I wish it to be understood that I do not desire to be limited to the exact details described, for obvious modifications will occur to a person skilled in the art.

Claims

I claim:

1. A pressure sensitive, moisture insensitive, explosive composition for use in pressure sensitive antipersonnel mines comprising a particulate, pressure sensitive explosive composition selected from the group consisting of a mixture of an inorganic oxidizer, red phosphorus and ground glass and a mixture of a primary explosive selected from the group consisting of lead azide and lead styphnate and a secondary explosive selected from the group consisting of cyclotrimethylenetrinitramine, pentaerythritol tetranitrate and cyclotetromethylenatetranitramine, wherein the particles are coated with an organo-functional silane monomer capable of reacting with atmospheric moisture at atmospheric temperatures to form a water impermeable polymer.

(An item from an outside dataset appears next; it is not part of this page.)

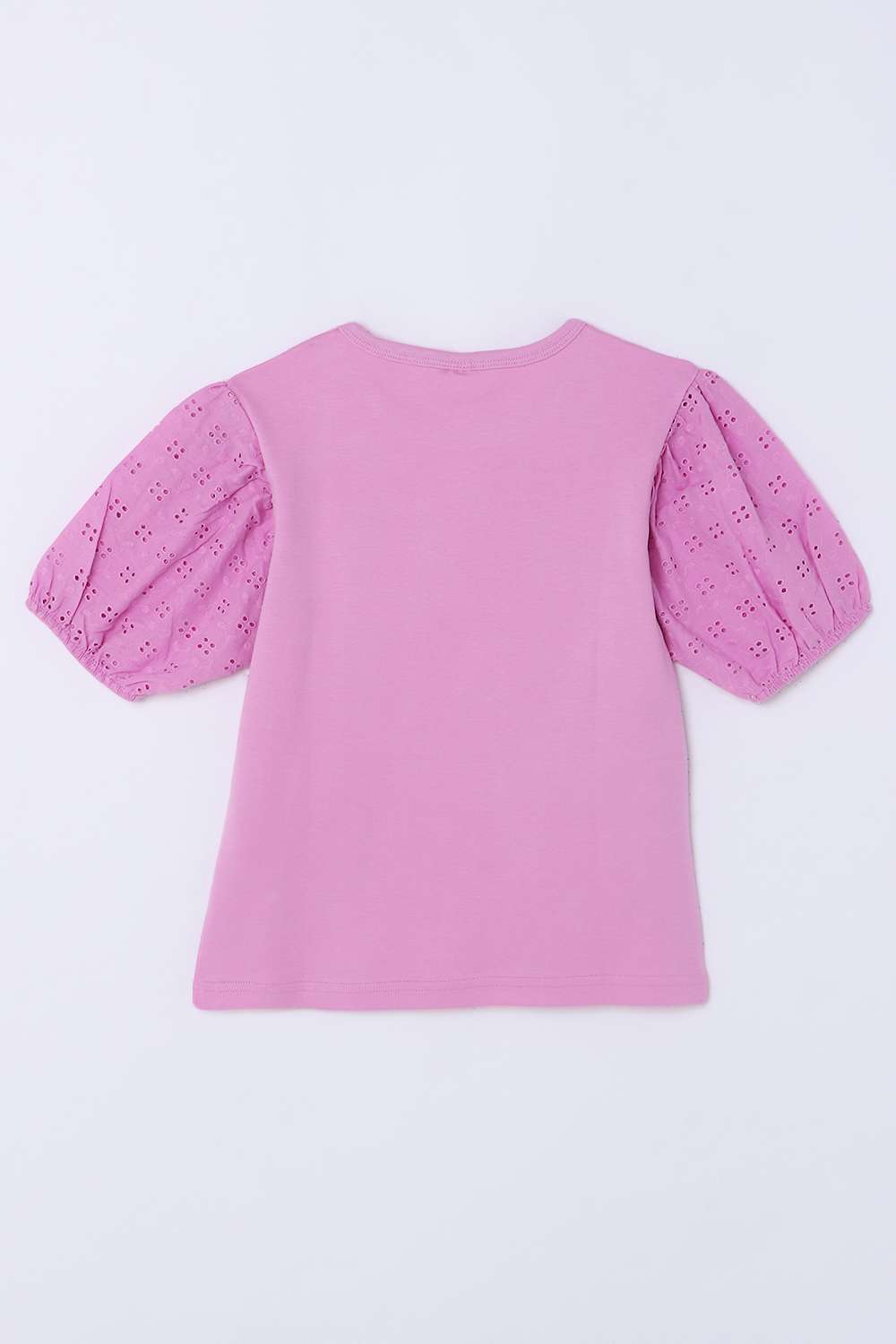 Solid-Cotton-Round-Neck-Girls-T-Shirt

2. A composition as defined in claim 1 wherein said inorganic oxidizer is selected from the group consisting of potassium chlorate and potassium perchlorate.

3. A composition as defined in claim 1 wherein said organo-functional silane monomer has the general formula

R.sub.(4.sub.-n) -- Si -- R'.sub.n

wherein R is a radical selected from the group consisting of halogen, amino, alkoxy and arlyoxy, R' is a radical selected from the group consisting of alkyl, aryl, aminoalkyl, aminoaryl, alkylamino and arylamino, and n is an integer from 1 to 3 inclusive.

4. A composition as defined in claim 3 wherein said organo-functional silane monomer is selected from the group consisting of .gamma.(.beta. aminoethyl) aminopropyl trimethoxy silane; .gamma. aminopropyl triethoxysilane, methyl triethoxysilane, phenyltrichlorosilane, n butyl trichlorosilane, dimethyl dichlorosilane and methyl phenyl dichlorosilane.

5. A composition as defined in claim 3, wherein the amount of said monomer is between about 1 percent and 5 percent by weight of said explosive composition.